In September 2017, Category 5 Hurricane Irma struck Barbuda, forcing residents to evacuate to the neighboring island of Antigua and rendering Barbuda uninhabitable. Only ten days later, another hurricane, Maria, passed just south of Antigua, battering it with wind and rain on its way to also becoming a Category 5 storm.

Antigua and Barbuda’s director of the Department of Environment, Ambassador Diann Black-Layne, told The New York Times that the carbon output of developed nations is a significant cause of the intense storms. But she said the island nation is too small to improve the problem on its own. Instead, she offered a surprising action plan.

Black-Layne told reporter Michael Barbaro, “We pray. We are God-fearing people, and we believe in forgiveness, and we believe in praying. And we believe that God will intercede on our behalf. I’m telling you; prayer is powerful.”

The Lord does promise to hear her cries (Ex. 22:21–24). And if God hears those cries, so should his people. Too many Christians (and non-Christians) think about climate change as primarily a political or an economic issue. But it is also a spiritual issue that requires a biblical approach.

The Bible actually has a lot to say about human-caused climate change. The Old Testament, in particular, chronicles God’s efforts to order a society’s energies to his glory and documents that society’s failure to abide by that order.

Biblical teaching should lead Christians to anticipate human-caused climate change. It should incline them to respect the evidence of today’s climate crisis, even if they come to differing conclusions about how to interpret that evidence. And perhaps most importantly, the Bible teaches shows that climate crises often have a reformational purpose.

Land and law

A life-giving climate comes of God’s goodness. On this, Christians of all climate-change persuasions agree. Some even cite as a prima facie argument that a good God would never allow the climate to go bad. But weather is clearly vulnerable to human activity. This lesson appears as early as the Garden of Eden.

Genesis introduces Eden as a place gifted with a favorable climate (Gen. 2:5–6) and also introduces humankind’s relationship with God as stewards of his world (2:15–19). Human sin causes everything we steward to suffer—including God’s gift of the climate (Gen. 3:17–19; Rom. 8:19–22).

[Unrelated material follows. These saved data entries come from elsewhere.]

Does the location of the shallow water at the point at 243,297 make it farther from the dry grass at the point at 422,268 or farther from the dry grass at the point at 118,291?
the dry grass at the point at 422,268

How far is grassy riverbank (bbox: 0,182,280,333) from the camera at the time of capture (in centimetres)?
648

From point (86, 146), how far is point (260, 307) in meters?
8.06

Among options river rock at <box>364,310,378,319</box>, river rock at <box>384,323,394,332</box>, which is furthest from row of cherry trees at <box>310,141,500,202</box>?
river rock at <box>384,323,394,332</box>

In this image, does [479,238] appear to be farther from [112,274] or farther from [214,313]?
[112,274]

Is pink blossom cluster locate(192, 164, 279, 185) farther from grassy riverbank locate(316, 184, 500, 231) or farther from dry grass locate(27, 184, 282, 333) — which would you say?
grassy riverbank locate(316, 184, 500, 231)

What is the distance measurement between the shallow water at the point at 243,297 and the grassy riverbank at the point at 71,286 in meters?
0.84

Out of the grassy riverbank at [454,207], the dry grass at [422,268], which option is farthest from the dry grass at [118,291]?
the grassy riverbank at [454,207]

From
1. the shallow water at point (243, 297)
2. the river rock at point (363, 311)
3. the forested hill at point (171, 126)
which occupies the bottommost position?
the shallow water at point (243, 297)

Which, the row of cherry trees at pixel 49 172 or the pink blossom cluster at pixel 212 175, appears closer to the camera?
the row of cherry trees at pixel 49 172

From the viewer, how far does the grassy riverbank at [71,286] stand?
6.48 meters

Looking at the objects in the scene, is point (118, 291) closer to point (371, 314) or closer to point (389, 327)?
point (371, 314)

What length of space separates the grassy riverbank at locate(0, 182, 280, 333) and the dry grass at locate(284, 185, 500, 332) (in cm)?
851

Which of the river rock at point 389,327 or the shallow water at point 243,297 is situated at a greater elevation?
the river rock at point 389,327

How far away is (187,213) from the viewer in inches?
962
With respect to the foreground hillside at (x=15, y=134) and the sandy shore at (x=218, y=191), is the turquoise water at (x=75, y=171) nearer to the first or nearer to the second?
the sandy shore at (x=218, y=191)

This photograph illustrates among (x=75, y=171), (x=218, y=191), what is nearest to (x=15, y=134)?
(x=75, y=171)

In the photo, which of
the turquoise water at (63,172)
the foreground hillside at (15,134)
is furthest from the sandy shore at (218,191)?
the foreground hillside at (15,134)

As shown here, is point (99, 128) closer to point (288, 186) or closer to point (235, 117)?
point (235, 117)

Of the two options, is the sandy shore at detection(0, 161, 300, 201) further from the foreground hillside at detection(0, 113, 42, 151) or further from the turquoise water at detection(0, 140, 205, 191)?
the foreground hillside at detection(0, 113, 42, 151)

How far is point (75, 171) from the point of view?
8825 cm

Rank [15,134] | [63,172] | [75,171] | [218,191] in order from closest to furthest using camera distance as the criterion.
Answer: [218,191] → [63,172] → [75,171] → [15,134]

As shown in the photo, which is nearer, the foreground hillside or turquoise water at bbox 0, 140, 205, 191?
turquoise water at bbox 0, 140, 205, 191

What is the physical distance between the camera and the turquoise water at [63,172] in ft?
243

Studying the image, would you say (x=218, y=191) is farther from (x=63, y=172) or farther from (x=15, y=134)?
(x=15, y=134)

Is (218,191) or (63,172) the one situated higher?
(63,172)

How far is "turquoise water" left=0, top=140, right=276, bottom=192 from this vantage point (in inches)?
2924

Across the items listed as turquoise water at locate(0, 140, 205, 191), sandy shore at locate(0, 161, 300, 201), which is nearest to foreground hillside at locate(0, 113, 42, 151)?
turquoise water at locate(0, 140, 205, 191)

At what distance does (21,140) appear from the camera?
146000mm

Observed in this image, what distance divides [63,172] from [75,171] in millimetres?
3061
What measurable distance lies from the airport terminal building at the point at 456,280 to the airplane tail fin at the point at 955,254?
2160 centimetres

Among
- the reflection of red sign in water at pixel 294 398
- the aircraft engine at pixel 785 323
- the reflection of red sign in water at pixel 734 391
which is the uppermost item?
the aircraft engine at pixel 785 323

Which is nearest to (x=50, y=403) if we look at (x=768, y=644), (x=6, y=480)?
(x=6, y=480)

These themes continue in the Exodus narrative. God delivered Israel from Egypt to another land identified right away by its good climate (Deut. 11:9–12). For Canaan’s good weather to continue, however, the people had to follow God’s ways. Deuteronomy says, “So if you faithfully obey the commands I am giving you today—to love the Lord your God and to serve him with all your heart and with all your soul—then I will send rain on your land in its season, both autumn and spring rains, so that you may gather in your grain, new wine and olive oil” (vv. 13–14).

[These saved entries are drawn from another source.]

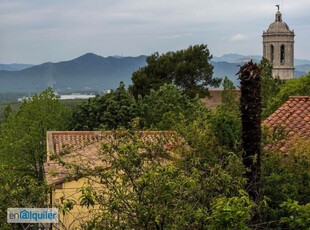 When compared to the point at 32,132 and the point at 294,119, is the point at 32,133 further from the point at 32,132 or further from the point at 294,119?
the point at 294,119

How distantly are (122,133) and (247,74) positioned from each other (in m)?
3.34

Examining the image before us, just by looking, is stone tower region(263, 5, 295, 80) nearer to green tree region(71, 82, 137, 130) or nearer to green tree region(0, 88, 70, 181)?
green tree region(71, 82, 137, 130)

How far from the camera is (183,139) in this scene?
1372 cm

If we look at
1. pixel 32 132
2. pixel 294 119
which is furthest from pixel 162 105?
pixel 294 119

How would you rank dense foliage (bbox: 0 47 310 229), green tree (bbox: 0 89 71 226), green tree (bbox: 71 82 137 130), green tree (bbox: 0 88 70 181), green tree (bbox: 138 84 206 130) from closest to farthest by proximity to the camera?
dense foliage (bbox: 0 47 310 229) → green tree (bbox: 0 89 71 226) → green tree (bbox: 0 88 70 181) → green tree (bbox: 138 84 206 130) → green tree (bbox: 71 82 137 130)

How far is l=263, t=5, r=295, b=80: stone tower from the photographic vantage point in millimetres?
80688

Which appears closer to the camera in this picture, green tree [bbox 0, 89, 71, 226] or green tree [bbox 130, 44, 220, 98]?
green tree [bbox 0, 89, 71, 226]

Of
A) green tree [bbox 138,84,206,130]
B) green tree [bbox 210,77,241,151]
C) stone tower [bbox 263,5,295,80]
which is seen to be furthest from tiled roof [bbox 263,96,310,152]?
stone tower [bbox 263,5,295,80]

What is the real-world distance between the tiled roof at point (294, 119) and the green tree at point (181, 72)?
32.2 metres

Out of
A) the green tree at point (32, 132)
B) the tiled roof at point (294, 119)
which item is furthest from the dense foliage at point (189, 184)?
the green tree at point (32, 132)

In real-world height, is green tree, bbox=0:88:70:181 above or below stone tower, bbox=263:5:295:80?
below

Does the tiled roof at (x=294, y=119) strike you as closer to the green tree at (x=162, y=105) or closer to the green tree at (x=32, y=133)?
the green tree at (x=32, y=133)

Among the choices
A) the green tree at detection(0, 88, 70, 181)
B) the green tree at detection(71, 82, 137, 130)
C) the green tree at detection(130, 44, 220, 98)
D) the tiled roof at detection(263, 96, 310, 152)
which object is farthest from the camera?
the green tree at detection(130, 44, 220, 98)

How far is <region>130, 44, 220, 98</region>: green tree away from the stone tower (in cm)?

Among the laws God gave Israel, he included land- and climate-management rules to guide their climate stewardship. Christians can still glean wisdom from those laws.

One of the most striking “environmental regulations” in the Old Testament is the Sabbath year land-fallow law (Ex. 23:10–11). Without modern fertilizer, farmers at the time—and many farmers still today—had to replenish soil nutrients by crop rotation or by letting fields go uncultivated for a season. Failing to do so leads to soil depletion, lack of plant growth, loss of moisture retention, and trouble with evaporation and rainfall.

Ancient Israelites were to leave their fields fallow every seventh year. Leviticus warns that ignoring this principle would lead to this hardened soil and loss of rainfall. “But if you will not listen to me and carry out all these commands … I will break down your stubborn pride and make the sky above you like iron and the ground beneath you like bronze. … All the time that it lies desolate, the land will have the rest it did not have during the sabbaths you lived in it” (Lev. 26:14–35).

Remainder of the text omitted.